(TASK DETAILS)
What is needed is an exact copy of the records below, without the pictures.
(EXERCISE DATA)
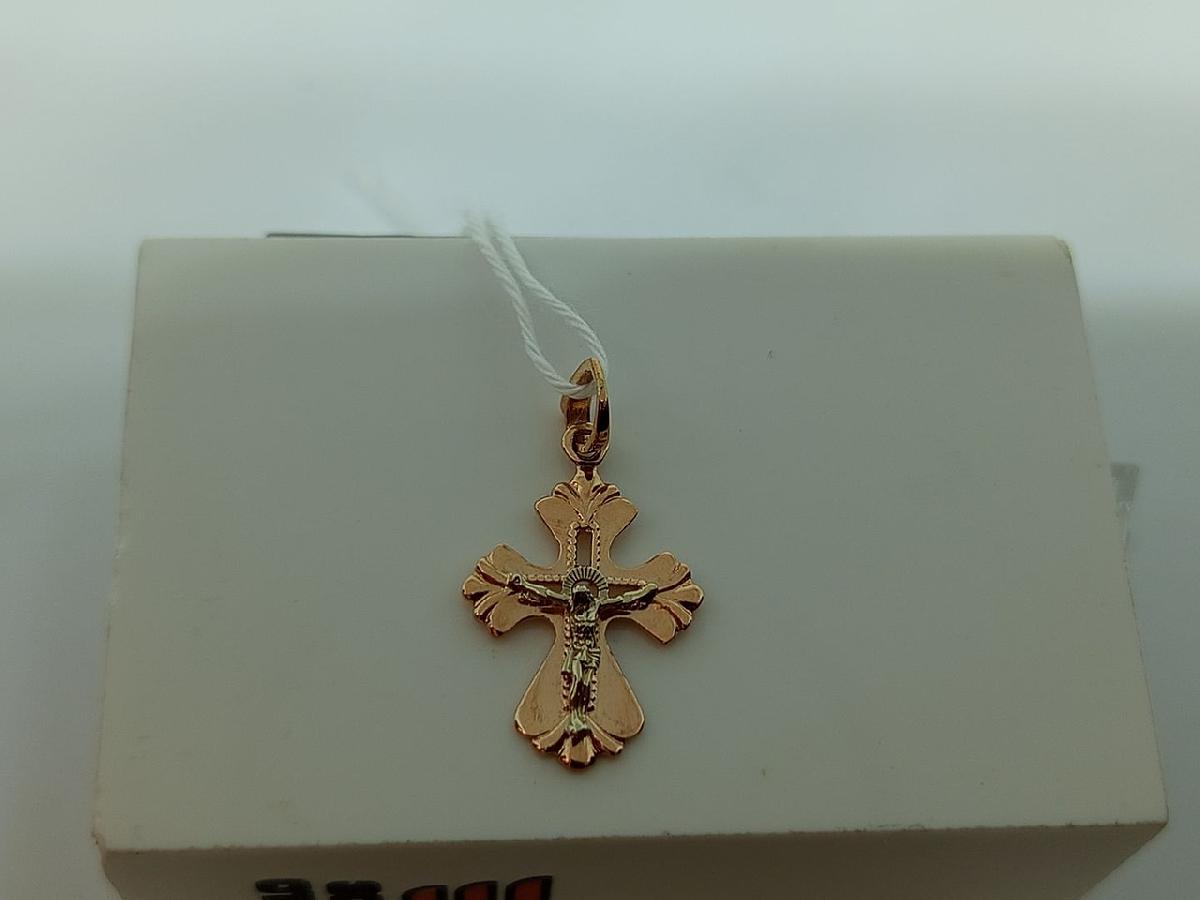 ПОДВЕСКА КРЕСТ БЕЗ КАМНЯ (Au 585)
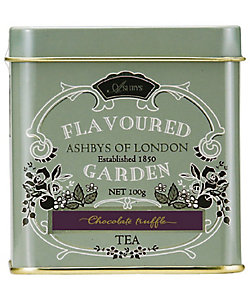 ASHBYS OF LONDN/アシュビィズ　オブ　ロンドン ★マジョリカフレーバーティー　トリュフチョコレートリーフ缶１００ｇ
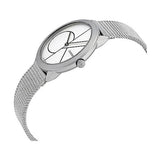 Calvin Klein Minimal White Dial Silver Mesh Bracelet Watch for Women - K3M5215X Buy Now By Calvin Klein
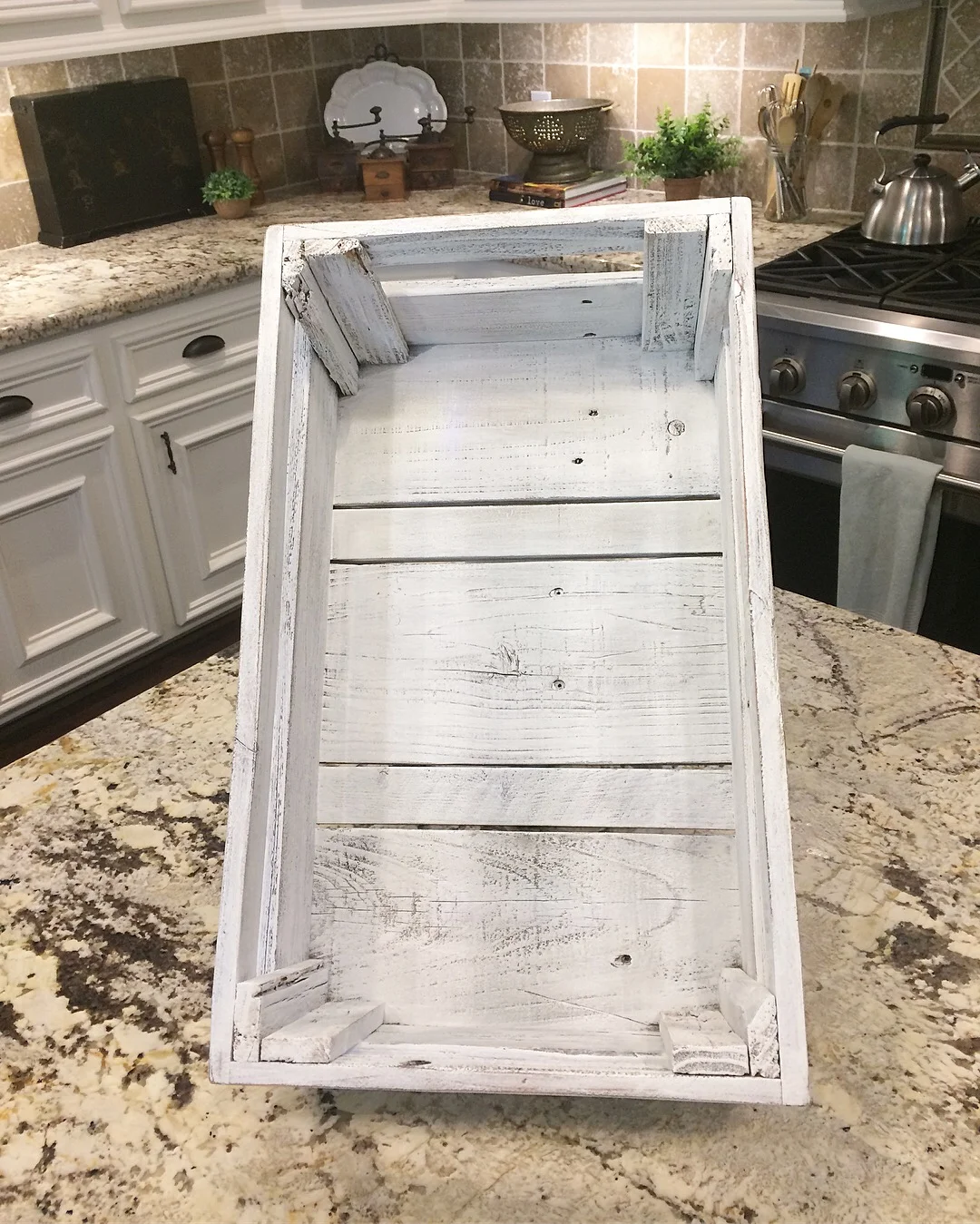 Handmade, reclaimed wood crate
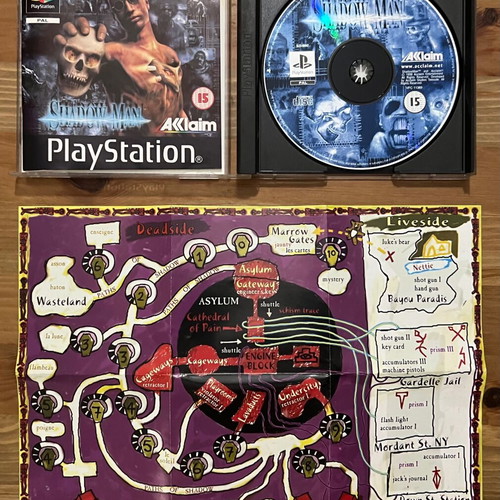 Shadow Man PlayStation used, complete with map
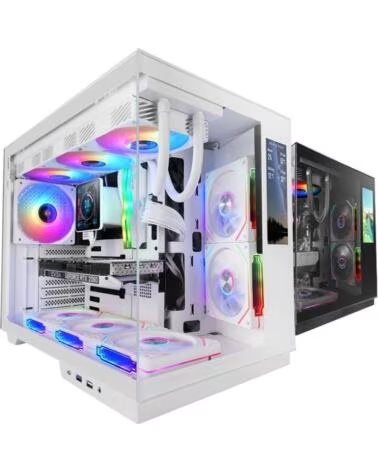 MARS GAMING Caja ordenador mcmirage atx cristal templado blanco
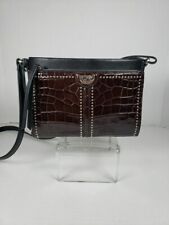BRIGHTON BLACK PYTHON CARTEIRA ORGANIZADORA DE CIDADE CRAVEJADA MUITO RESISTENTE TIRACOLO , usado comprar usado  Enviando para Brazil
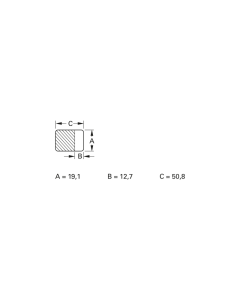 Foil label 550-11401, A 19.1, B 12.7, C 50.8 mm, white, 150 labels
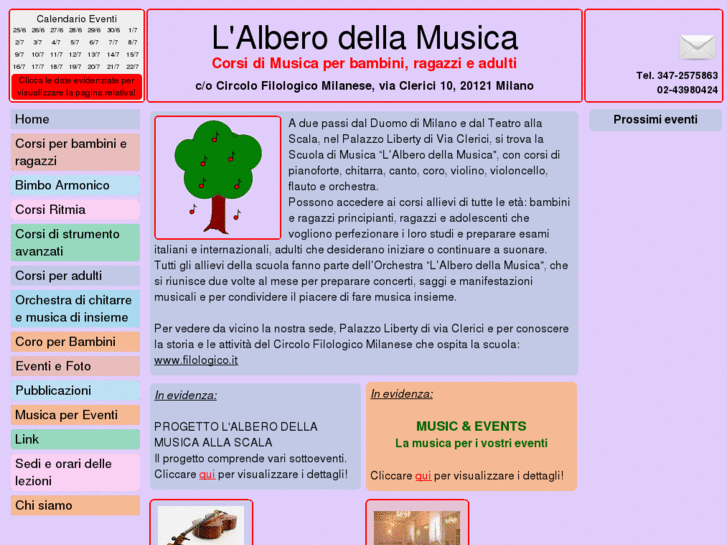 www.alberodellamusica.com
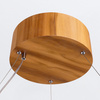 Lampa wisząca Angular Brązowy, Drewno Quintiesse Accord QN-ANGULAR-RING-LED-80-TEAK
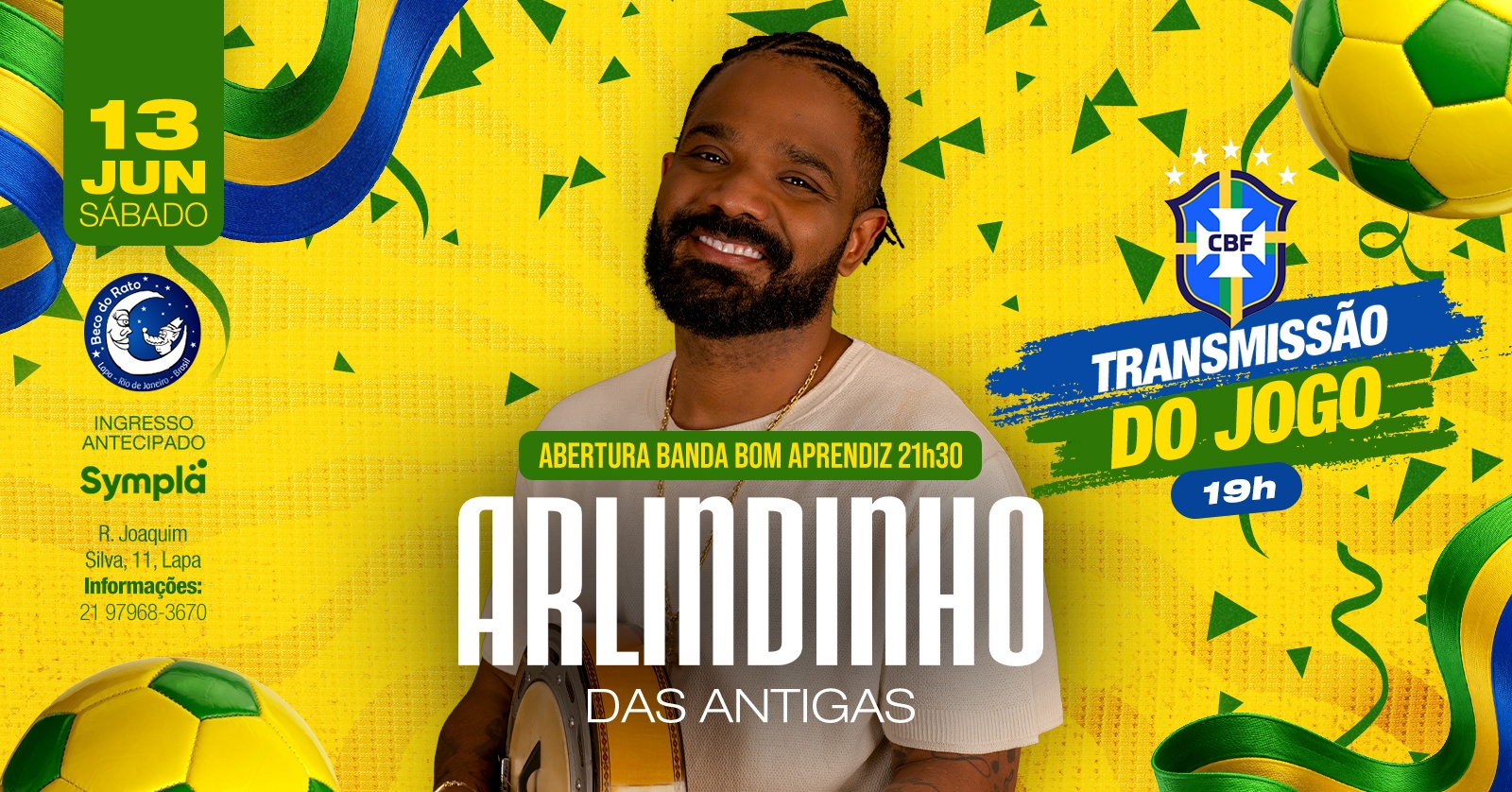 Arlindinho das Antigas Edição Especial - Lapa, RJ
(End EXERCISE DATA)
(ANSWER TO THIS EXERCISE)
 ПОДВЕСКА КРЕСТ БЕЗ КАМНЯ (Au 585)
 ASHBYS OF LONDN/アシュビィズ　オブ　ロンドン ★マジョリカフレーバーティー　トリュフチョコレートリーフ缶１００ｇ
 Calvin Klein Minimal White Dial Silver Mesh Bracelet Watch for Women - K3M5215X Buy Now By Calvin Klein
 Handmade, reclaimed wood crate
 Shadow Man PlayStation used, complete with map
 MARS GAMING Caja ordenador mcmirage atx cristal templado blanco
BRIGHTON BLACK PYTHON CARTEIRA ORGANIZADORA DE CIDADE CRAVEJADA MUITO RESISTENTE TIRACOLO , usado comprar usado  Enviando para Brazil
 Foil label 550-11401, A 19.1, B 12.7, C 50.8 mm, white, 150 labels
 www.alberodellamusica.com
 Lampa wisząca Angular Brązowy, Drewno Quintiesse Accord QN-ANGULAR-RING-LED-80-TEAK
 Arlindinho das Antigas Edição Especial - Lapa, RJ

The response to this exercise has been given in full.